2021-01-14发表2021-03-08更新19 分钟读完 (大约2847个字)0次访问

基于BERT的知识库问答系统

毕设复习

由于是基于知识图谱的领域内问答系统，所以分为两个步骤，不是end2end。

命名实体识别
属性映射步骤

实体识别是为了找到问题中的实体，属性映射是为了找到实体对应在知识库中的属性。输出的结果是一个规则构成的“「实体」的「属性」是「尾实体」”

命名实体识别是通过BERT+CRF。

属性映射分为两步

通过规则，在知识库中找到实体的所有属性，之后和原句匹配，匹配成功作为属性输出
匹配不成果，将所有属性以“「问题」「属性」”计算分数，取匹配分数最高的作为答案输出。

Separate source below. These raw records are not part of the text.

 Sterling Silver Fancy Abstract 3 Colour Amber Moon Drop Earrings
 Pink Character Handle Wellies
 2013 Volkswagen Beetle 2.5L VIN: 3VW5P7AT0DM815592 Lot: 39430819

1.15 搞定实体属性对齐方面知识点。之后再搞定面试RNN + 面试5道题 + leetcode10道题。链表字符串着重。

TODO

实体链接没有实现，只是匹配+数据库查询。

数据预处理

由于数据本身是一个问答数据，所以我们需要先对数据进行处理，生成三元组对。大概有600w个实体，训练的一个1poch需要5小时。问题数量25000。

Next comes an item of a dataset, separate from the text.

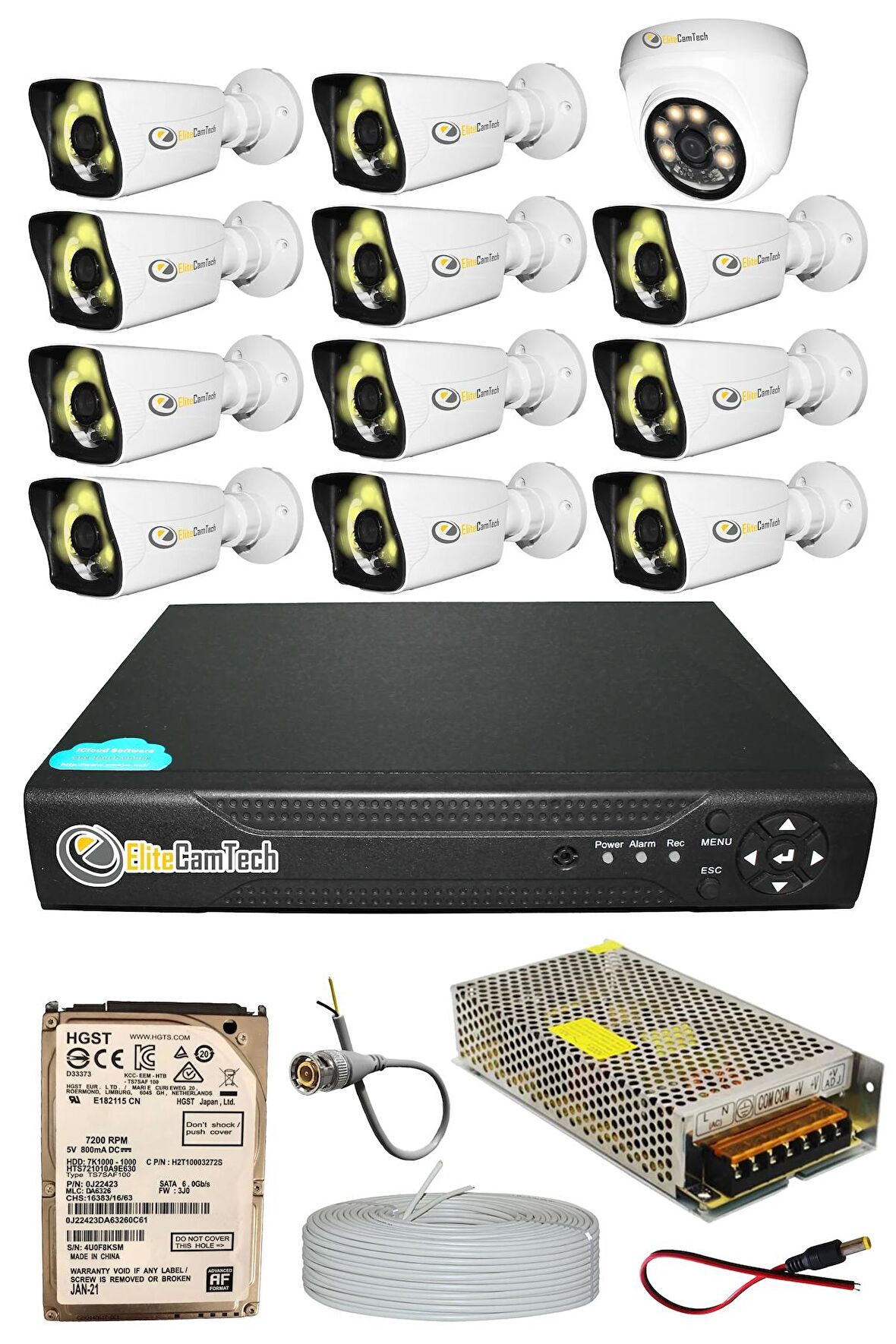 EliteCamTech Pro 12 Kameralı 11 Bullet 1 Dome Full HD Sony Lensli Kamera Gece Renkli Görüşlü 320 GB Kamera Seti
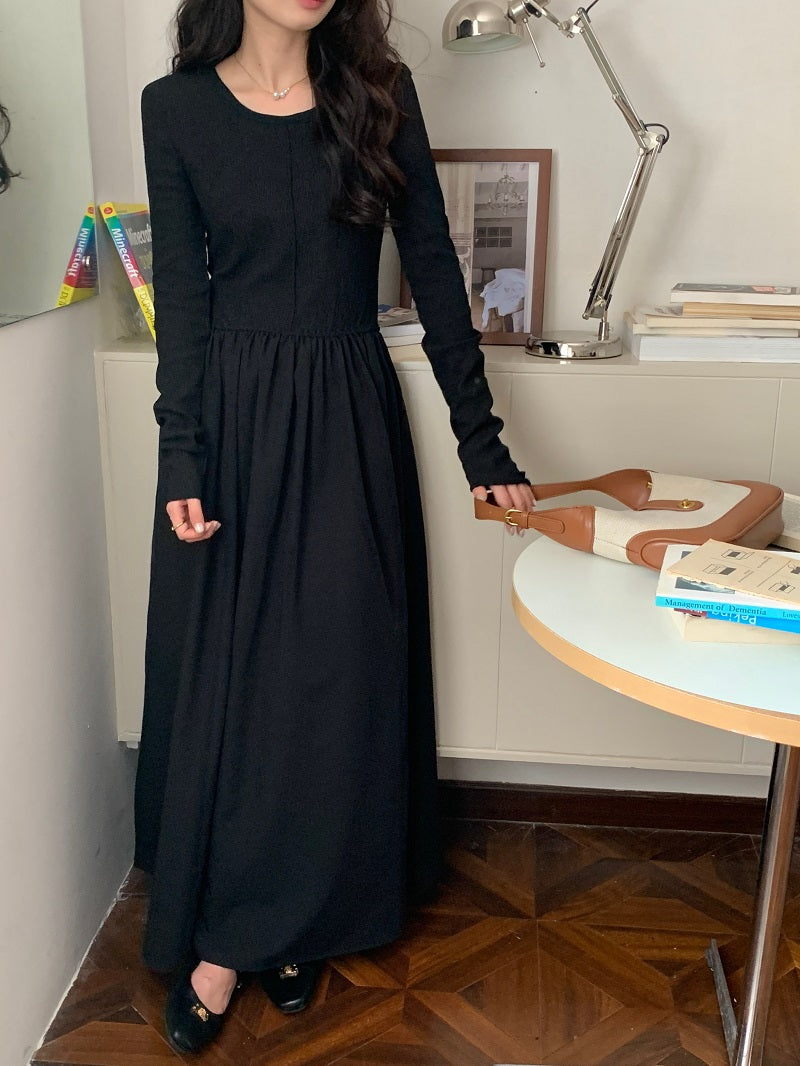 【dress】ラウンドネック長袖ワンピースG23999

<question id=1>	《机械设计基础》这本书的作者是谁？
<triple id=1>	机械设计基础 ||| 作者 ||| 杨可桢，程光蕴，李仲生
<answer id=1>	杨可桢，程光蕴，李仲生
==================================================
<question id=2>	《高等数学》是哪个出版社出版的？
<triple id=2>	高等数学 ||| 出版社 ||| 武汉大学出版社
<answer id=2>	武汉大学出版社
==================================================
<question id=3>	《线性代数》这本书的出版时间是什么？
<triple id=3>	线性代数 ||| 出版时间 ||| 2013-12-30
<answer id=3>	2013-12-30
==================================================

我们通过问题

BERT

代码来自transformers==3.3.1

input

BERT模型的输入由三部分得到，token embdding, segment embedding, position embedding。

token embedding

对于所有文字来说，计算机都是无法理解的，需要转化为浮点向量或者整型向量。BERT采用的是WordPiece tokenization，是一种数据驱动的分词算法，他以char作为最小的粒度，不断地寻找出现最多以char为单位组成的token，之后将word进行分词，分为一个一个的token。比如ing这个会经常出现在英文当中，所以WordPiece 会吧”I am playing the computer games”分为”I am play ##ing the computer games”。为了解决OOV问题。词表中有30522个词。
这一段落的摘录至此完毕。